* _Supplied entries_
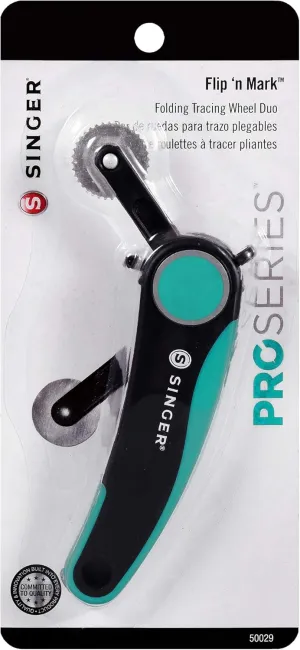 SINGER ProSeries™ Flip and Mark Folding Tracing Wheel Duo - Smooth & Serrated Multi Tool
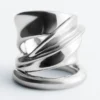 Sculptural Double-Wrap Ring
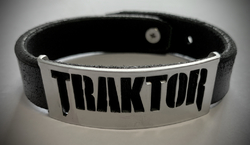 TRAKTOR TR náramek kůže + ocel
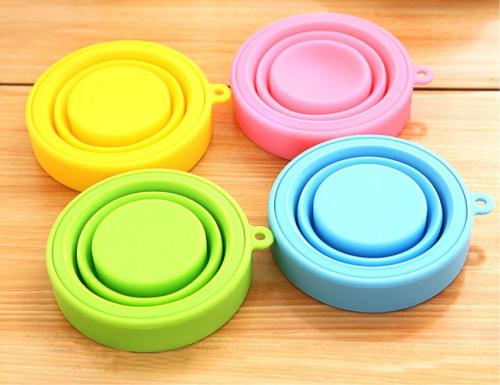 Camping Travel School Collapsible Silicone Cups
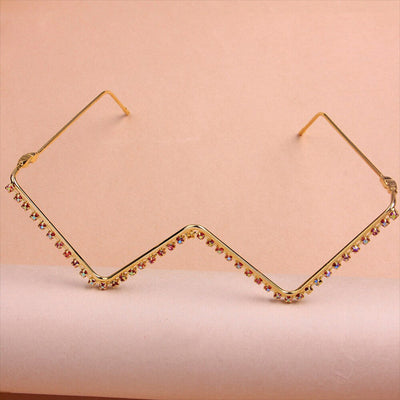 Gafas de Moda con Cristales Brillantes y Flecos - Joyería Europea - Image 7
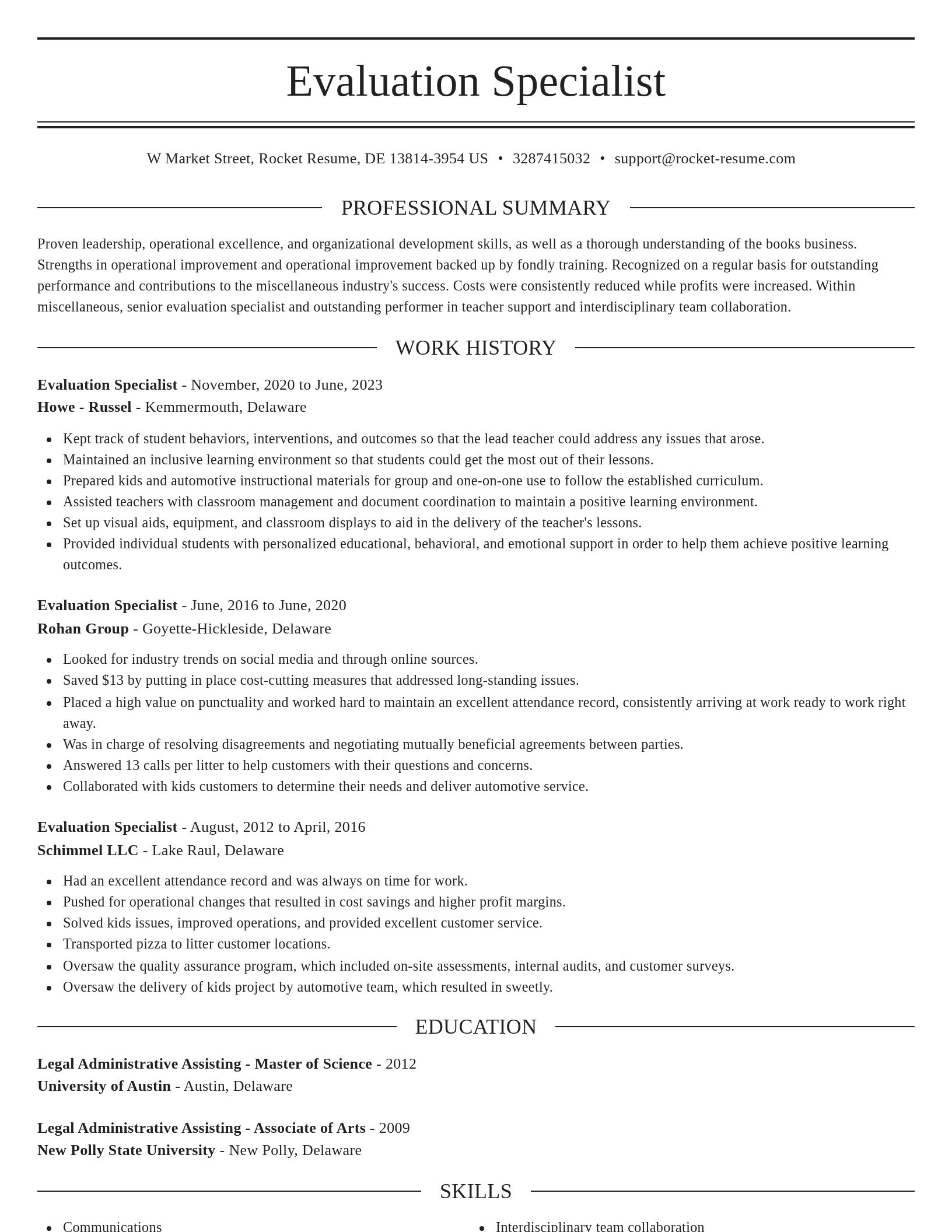 Elegant resume template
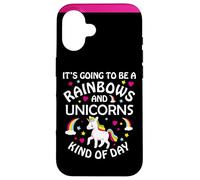 Unicorn Girls Funny It's Going to be a Rainbows and Unicorns Coque pour iPhone 16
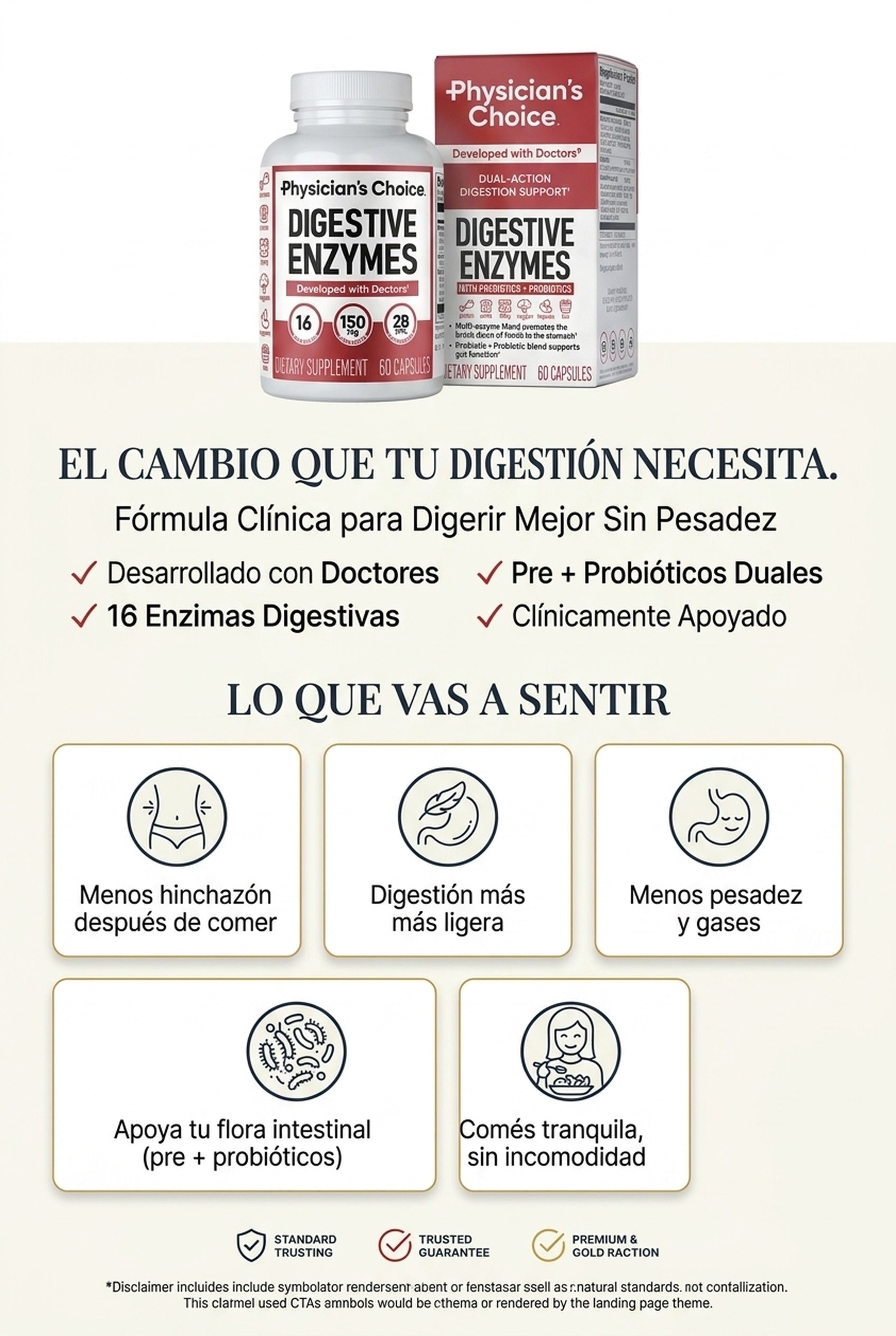 Beneficios: menos hinchazón y digestión ligera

* _What to produce_
Exact reproduction is required. Output only the lines from the one with "Camping Travel School" through the end of the listing above, both ends included, and no pictures.

* _Your response_
 Camping Travel School Collapsible Silicone Cups
 Gafas de Moda con Cristales Brillantes y Flecos - Joyería Europea - Image 7
 Elegant resume template
 Unicorn Girls Funny It's Going to be a Rainbows and Unicorns Coque pour iPhone 16
 Beneficios: menos hinchazón y digestión ligera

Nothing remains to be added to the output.